Ağlatan Hikayeler: “Saliha`nın Gizli Dili”
Dört yaşında bir çocuk, bakıcılara, “beni sevin azıcık” diyorsa, “beni dövmeyin artık” demek istiyordur ve evsiz bir çocuk olmaktansa, yetiştirme yurdunda kaldığına şükrediyordur.
Beş yaşında bir çocuk, aşçıya, “karnım tok” diyorsa, “kereviz yemek istemiyorum” demek istiyordur ve düşlerinde, yetiştirme yurdunda değil de, Adile Naşit`in kucağında uyuyordur.
Altı yaşında bir çocuk, öğretmenine, “içimden çok güzel okuyorum” diyorsa, “annem babam olsa, okumayı daha çabuk sökerdim” demek istiyordur ve yurt çocuğu olduğu herkesçe biliniyordur.
Yedi yaşında bir çocuk, sınıf arkadaşlarına, “kahvaltıda simit yemiştim” diyorsa, “bana harçlık verilmediği için simit alamıyorum” demek istiyordur ve büyüdüğünde unlu mamuller dükkanı açmak istiyordur.
Sekiz yaşında bir çocuk, Allah`a, “güneşi yarattığın için sana minnettarım” diyorsa, “karanlıktan çok korkuyorum “ demek istiyordur ve geceleri değil, sabaha karşı uykuya dalıyordur.
Bunların hepsini ve daha nicesini söyledim biliyor musunuz? Ben Saliha, benim gizli bir dilim var. Gizli bir dilde konuşup, yalnızca yetiştirme yurtlarında kalan çocuklarca, kedilerce ve biriktirdiğim boyama kitaplarımdaki yavru fillerce anlaşılmamı niye yadırgıyorsunuz?
Şimdi yirmi dört yaşındayım. Bakışlarımın hep donuk olduğu söyleniyor; ama annelik yaptığım yurt çocukları, bunu hiçbir zaman kabul etmiyor!
İlk sevgilim, “nefret dolusun” dedikten sonra sordu, “sana yurtta kaldığın zamanlar kötü bir şey mi yaptılar?” “Keşke bütün tavukları, kuzuları ve danaları sahiplenebilsem; her biri ecelleriyle ölürdü” dedim. “Sen dengesizsin” deyip, beni o anda terk etti. Oysa, sirklerdeki hayvanları da bağrıma basmak istediğimi söyleyecektim ona.

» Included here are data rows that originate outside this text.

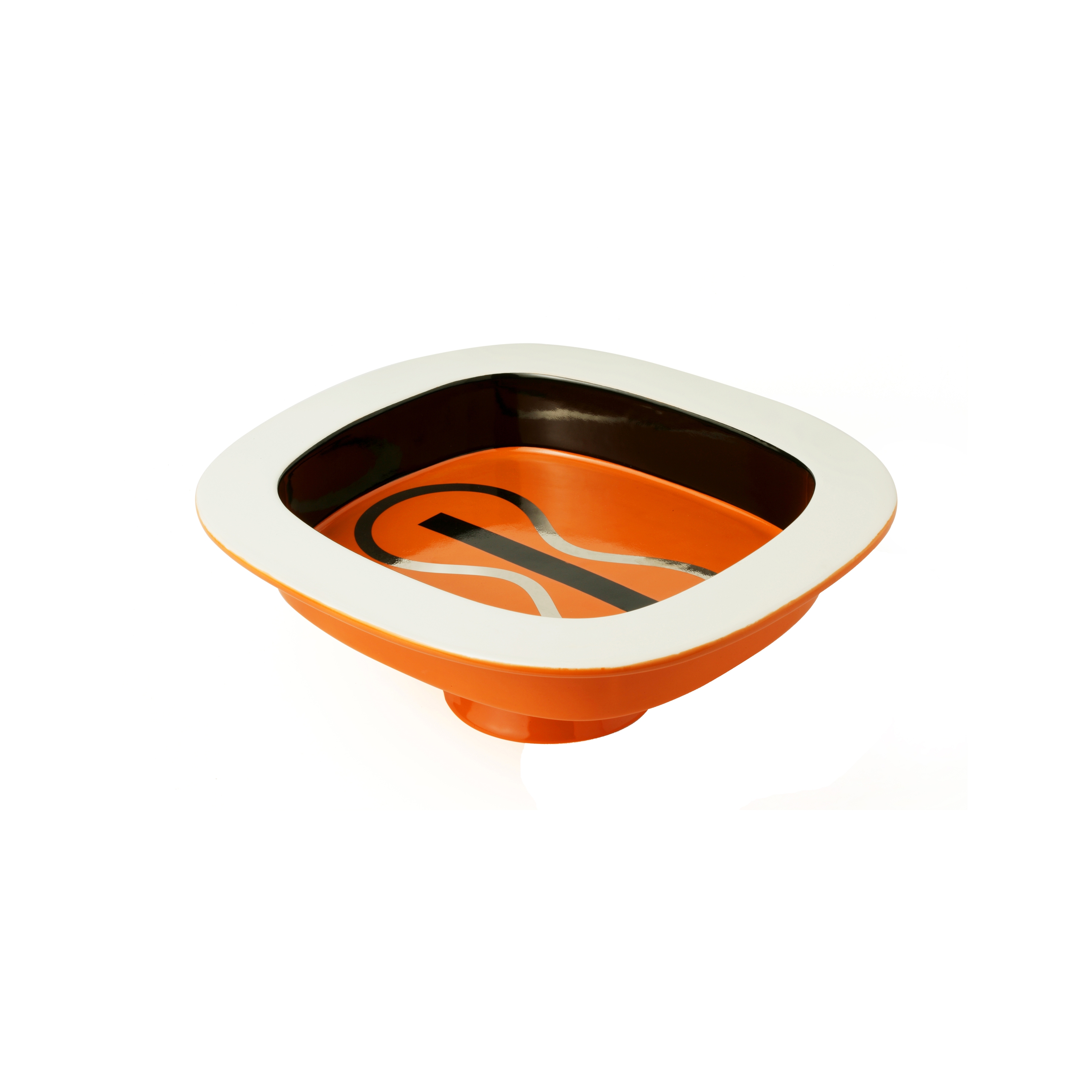 Afficher le produit Symbolik Bolo Arancio du fabricant Bitossi Ceramiche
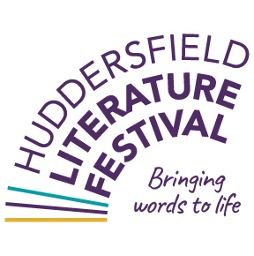 Huddersfield Literature Festival reveals new branding and website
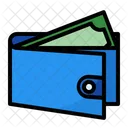 Wallet Money Cash Icon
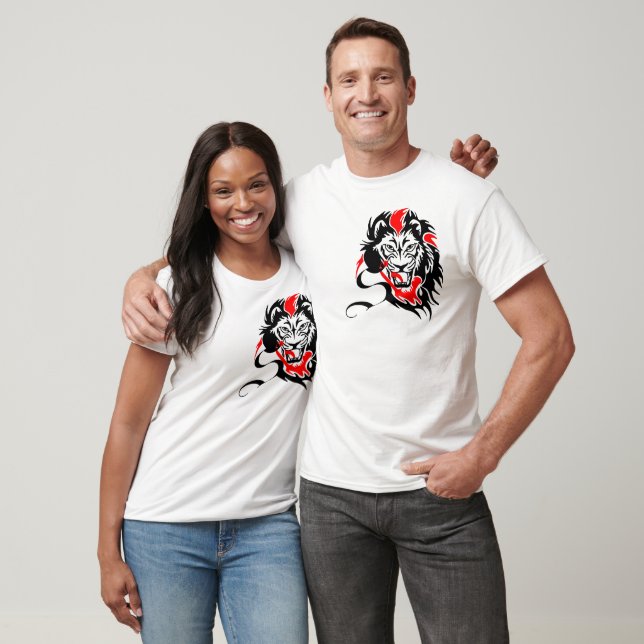 Sh!BANG Lion T-Shirt (Unisex)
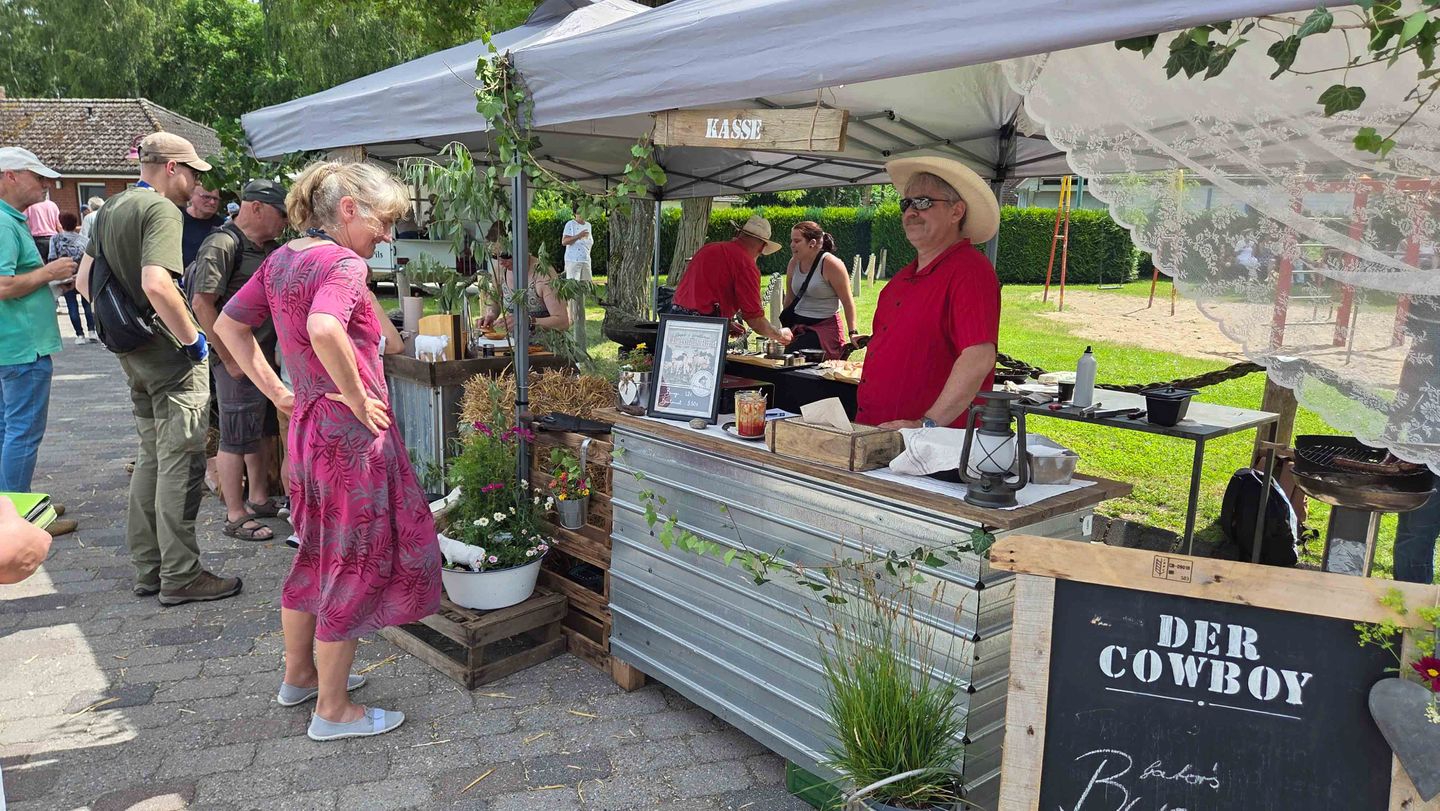 Mitsommerfest Barhöft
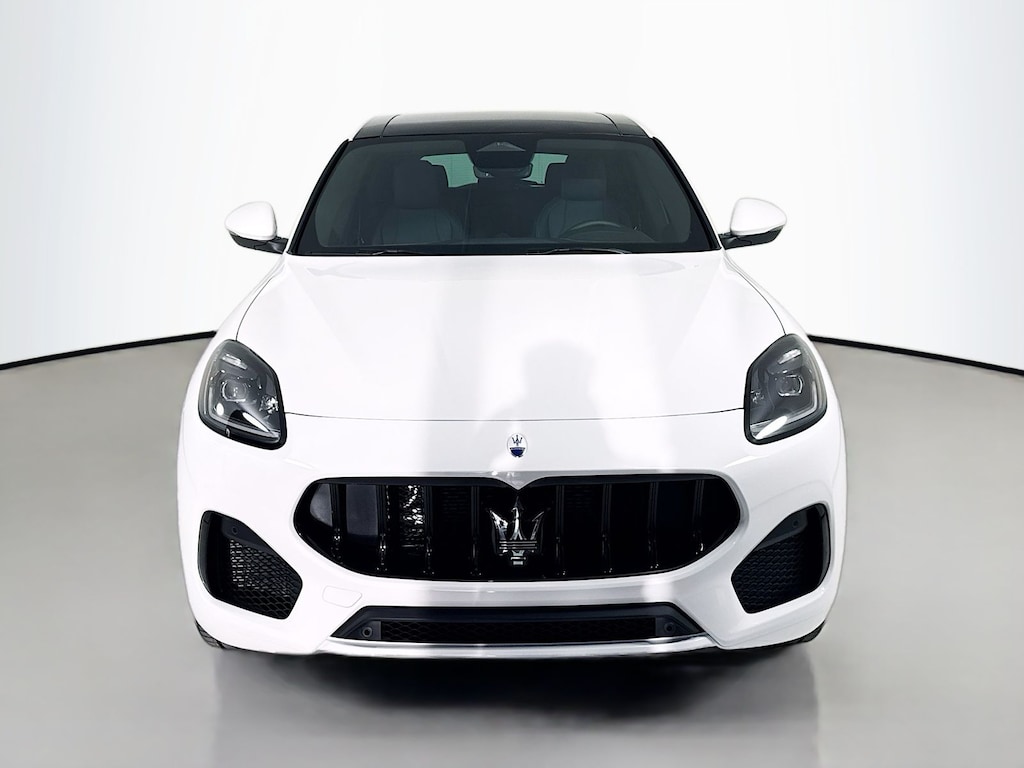 New 2026 Maserati Grecale Modena SUV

Temizliğe gittiğim bir ev sahibesi, “ senin gibi bir kimsesiz bulsak da evlendirsek seni” dediğinde, “ya benim gönlüm Brad Pitt`teyse?” dedim gülümseyerek ve kaşlarını çatarak dedi ki, “sen nankörsün!”
Sekreterlik yaparken, patronum bir gün yanına çağırdı beni, “maaşına yapacağım zammı sen belirle; ama arada bir senden ne istiyorsam ona uy!” Basıp giderken ben, söylendi ardım sıra, “senin psikolojin bozuk zaten, geldiğin yer belli!”
Bir komşum kapımı çaldı bir gün, “börek yapmıştım geçende; biraz bayat ama yersen ye.” Ona, yeni pişirdiğim çorbayı tattırmak istediğimde, bunu reddedip, “senin gibiler iyilikten ne anlar, böreği köpeğe vereyim de o yesin!” dedi.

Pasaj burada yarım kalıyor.